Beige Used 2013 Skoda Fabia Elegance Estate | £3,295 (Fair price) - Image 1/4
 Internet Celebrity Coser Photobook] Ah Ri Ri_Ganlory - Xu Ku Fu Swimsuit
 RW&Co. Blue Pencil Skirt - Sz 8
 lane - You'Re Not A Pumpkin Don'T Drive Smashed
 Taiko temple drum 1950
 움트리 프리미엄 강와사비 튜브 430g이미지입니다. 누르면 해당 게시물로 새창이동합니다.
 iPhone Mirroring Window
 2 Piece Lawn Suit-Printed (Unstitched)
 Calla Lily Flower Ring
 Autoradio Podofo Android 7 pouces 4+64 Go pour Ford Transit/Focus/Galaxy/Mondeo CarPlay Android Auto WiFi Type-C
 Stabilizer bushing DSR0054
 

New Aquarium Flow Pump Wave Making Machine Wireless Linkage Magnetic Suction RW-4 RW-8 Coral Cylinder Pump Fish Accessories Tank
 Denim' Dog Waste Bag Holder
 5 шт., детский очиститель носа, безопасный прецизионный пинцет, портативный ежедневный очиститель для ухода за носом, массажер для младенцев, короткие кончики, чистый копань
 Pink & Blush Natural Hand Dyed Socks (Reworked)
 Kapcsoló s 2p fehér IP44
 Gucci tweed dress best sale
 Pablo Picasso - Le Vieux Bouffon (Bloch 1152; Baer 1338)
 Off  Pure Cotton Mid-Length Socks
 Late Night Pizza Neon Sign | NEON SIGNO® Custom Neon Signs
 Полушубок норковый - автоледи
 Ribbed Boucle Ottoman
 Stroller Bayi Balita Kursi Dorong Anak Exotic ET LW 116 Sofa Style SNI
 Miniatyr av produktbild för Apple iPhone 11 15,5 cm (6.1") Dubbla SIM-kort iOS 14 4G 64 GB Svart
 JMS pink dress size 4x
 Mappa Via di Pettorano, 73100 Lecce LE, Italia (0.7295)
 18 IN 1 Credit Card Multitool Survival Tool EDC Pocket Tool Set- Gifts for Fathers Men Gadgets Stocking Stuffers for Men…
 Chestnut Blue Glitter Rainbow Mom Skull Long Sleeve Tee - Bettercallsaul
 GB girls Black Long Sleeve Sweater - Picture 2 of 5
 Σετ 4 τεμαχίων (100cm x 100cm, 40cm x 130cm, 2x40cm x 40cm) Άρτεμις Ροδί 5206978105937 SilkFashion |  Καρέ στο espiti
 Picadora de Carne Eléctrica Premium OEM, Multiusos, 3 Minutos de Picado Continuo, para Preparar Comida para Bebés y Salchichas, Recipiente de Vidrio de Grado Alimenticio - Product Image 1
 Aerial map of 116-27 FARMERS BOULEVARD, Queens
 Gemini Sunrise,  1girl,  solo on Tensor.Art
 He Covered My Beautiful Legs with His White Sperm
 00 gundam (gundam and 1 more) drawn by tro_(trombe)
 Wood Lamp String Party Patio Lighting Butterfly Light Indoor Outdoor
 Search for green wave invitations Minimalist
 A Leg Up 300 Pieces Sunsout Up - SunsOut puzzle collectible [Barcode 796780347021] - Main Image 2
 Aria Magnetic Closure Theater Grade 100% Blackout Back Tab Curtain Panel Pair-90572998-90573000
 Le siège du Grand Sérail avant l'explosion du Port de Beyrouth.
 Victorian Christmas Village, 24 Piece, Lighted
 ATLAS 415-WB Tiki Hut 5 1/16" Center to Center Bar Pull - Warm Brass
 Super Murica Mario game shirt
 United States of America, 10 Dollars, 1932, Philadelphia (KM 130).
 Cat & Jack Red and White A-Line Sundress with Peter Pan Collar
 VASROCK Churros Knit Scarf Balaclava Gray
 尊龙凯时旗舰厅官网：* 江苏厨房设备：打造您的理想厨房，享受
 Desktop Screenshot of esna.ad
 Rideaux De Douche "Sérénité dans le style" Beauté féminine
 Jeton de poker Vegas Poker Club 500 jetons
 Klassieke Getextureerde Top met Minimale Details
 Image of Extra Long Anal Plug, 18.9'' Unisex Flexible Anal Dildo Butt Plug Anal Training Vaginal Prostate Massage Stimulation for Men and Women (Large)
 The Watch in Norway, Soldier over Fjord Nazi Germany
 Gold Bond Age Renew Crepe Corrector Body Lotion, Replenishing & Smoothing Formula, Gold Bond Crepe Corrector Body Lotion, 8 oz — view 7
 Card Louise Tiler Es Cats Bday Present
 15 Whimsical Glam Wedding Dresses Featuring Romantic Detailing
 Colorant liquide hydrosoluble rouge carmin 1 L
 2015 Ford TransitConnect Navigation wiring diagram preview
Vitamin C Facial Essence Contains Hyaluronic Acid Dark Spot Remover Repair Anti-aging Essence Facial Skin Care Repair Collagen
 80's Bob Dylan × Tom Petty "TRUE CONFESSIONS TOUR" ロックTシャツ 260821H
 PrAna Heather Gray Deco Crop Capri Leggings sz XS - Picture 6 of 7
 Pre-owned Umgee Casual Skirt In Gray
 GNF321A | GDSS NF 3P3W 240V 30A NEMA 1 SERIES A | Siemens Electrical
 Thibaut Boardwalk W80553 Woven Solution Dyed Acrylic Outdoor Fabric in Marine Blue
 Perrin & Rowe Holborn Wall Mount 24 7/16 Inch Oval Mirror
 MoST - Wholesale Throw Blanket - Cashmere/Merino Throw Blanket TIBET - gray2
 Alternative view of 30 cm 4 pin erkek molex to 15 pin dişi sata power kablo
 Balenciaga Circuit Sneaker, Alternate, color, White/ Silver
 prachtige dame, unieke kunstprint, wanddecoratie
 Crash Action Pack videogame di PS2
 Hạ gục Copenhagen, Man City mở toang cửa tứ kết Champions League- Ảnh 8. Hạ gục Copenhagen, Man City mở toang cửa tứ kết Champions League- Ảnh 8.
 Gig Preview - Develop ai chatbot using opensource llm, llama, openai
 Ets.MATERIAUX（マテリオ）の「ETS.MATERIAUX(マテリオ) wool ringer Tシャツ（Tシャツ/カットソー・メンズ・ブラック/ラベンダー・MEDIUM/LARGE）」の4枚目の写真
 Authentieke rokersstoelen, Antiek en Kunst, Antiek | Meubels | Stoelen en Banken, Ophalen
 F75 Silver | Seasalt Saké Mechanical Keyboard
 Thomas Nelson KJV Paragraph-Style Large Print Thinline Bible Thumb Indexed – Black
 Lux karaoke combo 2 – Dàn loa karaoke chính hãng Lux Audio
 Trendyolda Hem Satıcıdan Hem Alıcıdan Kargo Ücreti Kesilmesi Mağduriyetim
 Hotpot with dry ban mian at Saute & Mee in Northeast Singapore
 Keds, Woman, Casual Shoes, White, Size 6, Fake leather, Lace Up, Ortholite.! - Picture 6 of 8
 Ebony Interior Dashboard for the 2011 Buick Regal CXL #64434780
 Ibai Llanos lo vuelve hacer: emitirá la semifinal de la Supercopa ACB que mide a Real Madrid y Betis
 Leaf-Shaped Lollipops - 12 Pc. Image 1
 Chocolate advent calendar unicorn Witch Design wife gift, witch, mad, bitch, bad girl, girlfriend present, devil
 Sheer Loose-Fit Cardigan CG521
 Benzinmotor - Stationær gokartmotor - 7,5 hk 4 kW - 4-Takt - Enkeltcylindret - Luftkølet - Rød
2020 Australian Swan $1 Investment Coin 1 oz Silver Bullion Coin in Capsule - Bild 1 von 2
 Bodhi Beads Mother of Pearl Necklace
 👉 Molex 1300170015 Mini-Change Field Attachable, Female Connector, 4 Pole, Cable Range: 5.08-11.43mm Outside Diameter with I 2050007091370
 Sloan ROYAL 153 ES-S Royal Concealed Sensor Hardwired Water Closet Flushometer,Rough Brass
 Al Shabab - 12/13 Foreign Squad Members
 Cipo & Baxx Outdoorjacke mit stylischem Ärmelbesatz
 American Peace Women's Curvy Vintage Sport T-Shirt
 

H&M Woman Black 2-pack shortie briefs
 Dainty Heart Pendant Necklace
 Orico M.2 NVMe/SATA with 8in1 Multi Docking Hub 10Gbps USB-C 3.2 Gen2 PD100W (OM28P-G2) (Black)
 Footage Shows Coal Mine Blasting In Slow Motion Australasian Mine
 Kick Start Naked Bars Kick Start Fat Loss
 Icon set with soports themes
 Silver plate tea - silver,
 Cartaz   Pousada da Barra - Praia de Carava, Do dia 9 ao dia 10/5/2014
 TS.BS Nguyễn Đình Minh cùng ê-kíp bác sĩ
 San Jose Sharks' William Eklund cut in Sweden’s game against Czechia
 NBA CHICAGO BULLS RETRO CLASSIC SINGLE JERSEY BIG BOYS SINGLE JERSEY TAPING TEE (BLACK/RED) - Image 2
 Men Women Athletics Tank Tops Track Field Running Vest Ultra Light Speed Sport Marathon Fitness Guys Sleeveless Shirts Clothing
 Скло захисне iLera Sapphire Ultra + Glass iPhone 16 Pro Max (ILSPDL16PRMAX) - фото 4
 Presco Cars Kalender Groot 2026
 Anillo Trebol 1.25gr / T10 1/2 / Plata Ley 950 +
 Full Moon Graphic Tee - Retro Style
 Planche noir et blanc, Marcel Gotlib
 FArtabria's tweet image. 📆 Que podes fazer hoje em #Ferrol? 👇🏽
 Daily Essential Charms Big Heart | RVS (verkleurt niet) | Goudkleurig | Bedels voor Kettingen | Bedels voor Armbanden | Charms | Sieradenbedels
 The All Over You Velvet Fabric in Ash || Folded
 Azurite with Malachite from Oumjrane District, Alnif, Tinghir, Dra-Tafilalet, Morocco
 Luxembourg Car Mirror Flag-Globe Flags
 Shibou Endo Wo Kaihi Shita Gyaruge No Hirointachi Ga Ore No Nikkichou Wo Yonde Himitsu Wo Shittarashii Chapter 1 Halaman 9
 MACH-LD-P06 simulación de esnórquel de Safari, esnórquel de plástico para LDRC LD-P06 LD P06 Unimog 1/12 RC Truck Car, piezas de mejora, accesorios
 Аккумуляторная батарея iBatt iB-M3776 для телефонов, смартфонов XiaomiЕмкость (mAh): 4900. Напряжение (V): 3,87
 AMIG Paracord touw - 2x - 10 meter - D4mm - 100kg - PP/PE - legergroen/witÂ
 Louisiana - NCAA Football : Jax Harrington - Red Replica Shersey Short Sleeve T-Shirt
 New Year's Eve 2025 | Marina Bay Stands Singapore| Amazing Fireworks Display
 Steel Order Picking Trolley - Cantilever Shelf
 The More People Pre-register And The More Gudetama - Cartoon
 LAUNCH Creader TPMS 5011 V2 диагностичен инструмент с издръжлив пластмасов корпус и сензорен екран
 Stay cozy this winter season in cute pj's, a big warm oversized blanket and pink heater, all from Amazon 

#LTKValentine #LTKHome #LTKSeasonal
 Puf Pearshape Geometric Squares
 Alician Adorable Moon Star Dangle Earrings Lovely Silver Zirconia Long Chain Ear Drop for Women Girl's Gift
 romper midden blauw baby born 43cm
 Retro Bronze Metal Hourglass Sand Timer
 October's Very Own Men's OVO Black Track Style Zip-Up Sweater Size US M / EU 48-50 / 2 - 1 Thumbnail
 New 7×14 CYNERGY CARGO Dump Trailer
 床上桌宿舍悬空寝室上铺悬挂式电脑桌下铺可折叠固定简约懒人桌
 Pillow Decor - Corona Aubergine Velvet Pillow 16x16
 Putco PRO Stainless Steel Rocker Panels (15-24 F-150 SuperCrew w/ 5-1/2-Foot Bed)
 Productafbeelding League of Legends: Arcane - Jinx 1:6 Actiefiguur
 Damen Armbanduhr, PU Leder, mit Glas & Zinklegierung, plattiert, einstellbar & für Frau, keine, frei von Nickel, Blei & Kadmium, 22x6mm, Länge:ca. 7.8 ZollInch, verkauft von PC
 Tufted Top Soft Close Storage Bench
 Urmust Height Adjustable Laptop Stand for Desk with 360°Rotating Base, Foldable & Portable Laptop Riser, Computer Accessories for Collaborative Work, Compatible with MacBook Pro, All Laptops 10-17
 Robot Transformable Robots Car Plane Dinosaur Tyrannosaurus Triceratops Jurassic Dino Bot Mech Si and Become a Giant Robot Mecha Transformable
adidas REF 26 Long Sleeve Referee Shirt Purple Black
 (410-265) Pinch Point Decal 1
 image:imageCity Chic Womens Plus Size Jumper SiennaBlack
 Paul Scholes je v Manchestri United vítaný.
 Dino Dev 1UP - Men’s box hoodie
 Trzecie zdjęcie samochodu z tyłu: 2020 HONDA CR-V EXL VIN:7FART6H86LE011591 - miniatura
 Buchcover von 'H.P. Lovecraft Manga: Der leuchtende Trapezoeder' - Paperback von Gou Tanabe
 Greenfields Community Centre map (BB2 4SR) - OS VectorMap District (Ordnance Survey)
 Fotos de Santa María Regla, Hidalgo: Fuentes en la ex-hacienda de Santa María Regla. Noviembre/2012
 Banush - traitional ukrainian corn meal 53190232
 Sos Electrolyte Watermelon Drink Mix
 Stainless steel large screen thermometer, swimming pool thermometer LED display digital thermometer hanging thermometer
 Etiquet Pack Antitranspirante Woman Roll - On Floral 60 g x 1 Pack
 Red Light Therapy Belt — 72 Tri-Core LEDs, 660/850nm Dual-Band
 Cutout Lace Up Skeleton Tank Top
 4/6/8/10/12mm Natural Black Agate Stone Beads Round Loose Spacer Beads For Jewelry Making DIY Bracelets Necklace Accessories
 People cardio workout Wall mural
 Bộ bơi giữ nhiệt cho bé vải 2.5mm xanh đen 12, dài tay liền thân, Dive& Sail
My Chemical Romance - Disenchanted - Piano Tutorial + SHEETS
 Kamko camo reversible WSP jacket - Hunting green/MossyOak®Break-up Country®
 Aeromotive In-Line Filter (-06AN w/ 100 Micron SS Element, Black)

-----

▸ **Aim of the exercise**:
Within the listing above, the range opens at the line with "TS.BS Nguyễn Đình Minh cùng ê-kíp bác sĩ" and closes at the line with "Аккумуляторная батарея iBatt". Reproduce exactly the lines of that range, including both ends.

▸ **Exercise answer**:
 TS.BS Nguyễn Đình Minh cùng ê-kíp bác sĩ
 San Jose Sharks' William Eklund cut in Sweden’s game against Czechia
 NBA CHICAGO BULLS RETRO CLASSIC SINGLE JERSEY BIG BOYS SINGLE JERSEY TAPING TEE (BLACK/RED) - Image 2
 Men Women Athletics Tank Tops Track Field Running Vest Ultra Light Speed Sport Marathon Fitness Guys Sleeveless Shirts Clothing
 Скло захисне iLera Sapphire Ultra + Glass iPhone 16 Pro Max (ILSPDL16PRMAX) - фото 4
 Presco Cars Kalender Groot 2026
 Anillo Trebol 1.25gr / T10 1/2 / Plata Ley 950 +
 Full Moon Graphic Tee - Retro Style
 Planche noir et blanc, Marcel Gotlib
 FArtabria's tweet image. 📆 Que podes fazer hoje em #Ferrol? 👇🏽
 Daily Essential Charms Big Heart | RVS (verkleurt niet) | Goudkleurig | Bedels voor Kettingen | Bedels voor Armbanden | Charms | Sieradenbedels
 The All Over You Velvet Fabric in Ash || Folded
 Azurite with Malachite from Oumjrane District, Alnif, Tinghir, Dra-Tafilalet, Morocco
 Luxembourg Car Mirror Flag-Globe Flags
 Shibou Endo Wo Kaihi Shita Gyaruge No Hirointachi Ga Ore No Nikkichou Wo Yonde Himitsu Wo Shittarashii Chapter 1 Halaman 9
 MACH-LD-P06 simulación de esnórquel de Safari, esnórquel de plástico para LDRC LD-P06 LD P06 Unimog 1/12 RC Truck Car, piezas de mejora, accesorios
 Аккумуляторная батарея iBatt iB-M3776 для телефонов, смартфонов XiaomiЕмкость (mAh): 4900. Напряжение (V): 3,87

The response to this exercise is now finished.